The poetry of late ancient Arabia, representing mo
stly the sixth and early seventh centuries, is remarkable in its apparent isolation from other contemporary forms of literature in the languages of neighboring peoples. It is not that Arabic poetry was produced in a world sealed off from the outside. It is rather that Arabic poetry seems to have been unknown to outsiders. It had its own forms and conventions. It refers largely to a world aware of and often oriented toward the great and powerful states of the Romans, Persians, and Ḥimyarites, but on the margins of that world. The setting of ancient Arabic poetry is rather a society of mostly pastoralist tribes in competition over resources of water, pasturage, and livestock, who were not part of large, complex states. The inhabitants of this world are portrayed as having no laws but those of revered custom, the might of arms levied by kings, warlords, or bands, and the overriding connections of kinship.
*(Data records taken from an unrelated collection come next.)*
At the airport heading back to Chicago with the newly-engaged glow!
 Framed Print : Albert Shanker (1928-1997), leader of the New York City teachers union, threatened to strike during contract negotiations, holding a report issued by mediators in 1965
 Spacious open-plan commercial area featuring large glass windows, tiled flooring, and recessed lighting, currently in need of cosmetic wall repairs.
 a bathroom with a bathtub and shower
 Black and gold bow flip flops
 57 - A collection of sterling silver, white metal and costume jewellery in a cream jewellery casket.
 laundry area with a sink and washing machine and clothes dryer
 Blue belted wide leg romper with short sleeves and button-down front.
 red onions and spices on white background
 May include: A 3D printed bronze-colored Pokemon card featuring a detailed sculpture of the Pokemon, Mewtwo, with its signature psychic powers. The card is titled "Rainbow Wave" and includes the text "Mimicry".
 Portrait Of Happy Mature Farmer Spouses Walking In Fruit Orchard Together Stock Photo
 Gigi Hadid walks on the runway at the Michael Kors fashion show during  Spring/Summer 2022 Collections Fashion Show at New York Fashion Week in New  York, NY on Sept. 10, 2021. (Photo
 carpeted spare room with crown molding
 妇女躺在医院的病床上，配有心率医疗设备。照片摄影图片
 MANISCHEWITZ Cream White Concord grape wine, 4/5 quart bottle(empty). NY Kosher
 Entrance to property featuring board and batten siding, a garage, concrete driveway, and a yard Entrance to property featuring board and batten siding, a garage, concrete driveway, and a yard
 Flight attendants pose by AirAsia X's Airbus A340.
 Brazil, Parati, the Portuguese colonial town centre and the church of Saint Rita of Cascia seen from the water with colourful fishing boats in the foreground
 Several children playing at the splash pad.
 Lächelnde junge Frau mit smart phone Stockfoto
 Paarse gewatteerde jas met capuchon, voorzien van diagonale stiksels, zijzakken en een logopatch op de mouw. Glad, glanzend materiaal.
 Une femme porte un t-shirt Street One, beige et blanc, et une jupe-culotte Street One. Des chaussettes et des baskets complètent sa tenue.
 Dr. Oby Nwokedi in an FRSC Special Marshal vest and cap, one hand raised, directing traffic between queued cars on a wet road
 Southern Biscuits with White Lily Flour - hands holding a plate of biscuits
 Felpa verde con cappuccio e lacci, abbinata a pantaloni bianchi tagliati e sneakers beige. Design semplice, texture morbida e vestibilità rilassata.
Small‐scale violence appears to have been common. The poets impart melancholic wisdom about the inevitability of death and seek refuge in the glory of victory at arms and the good reputation of one’s family and tribe, transitory though they may be. They praise unstinting generosity. They long for happy days spent with friends now gone away by distant roads. Poetry by women is preserved, mostly in the form of moving laments for brothers who died violently, of whom only the report of their distant death returns. Other poems survive in the voice of the outcast or brigand, the ṣuʿlūk, glorifying a harsh but independent life.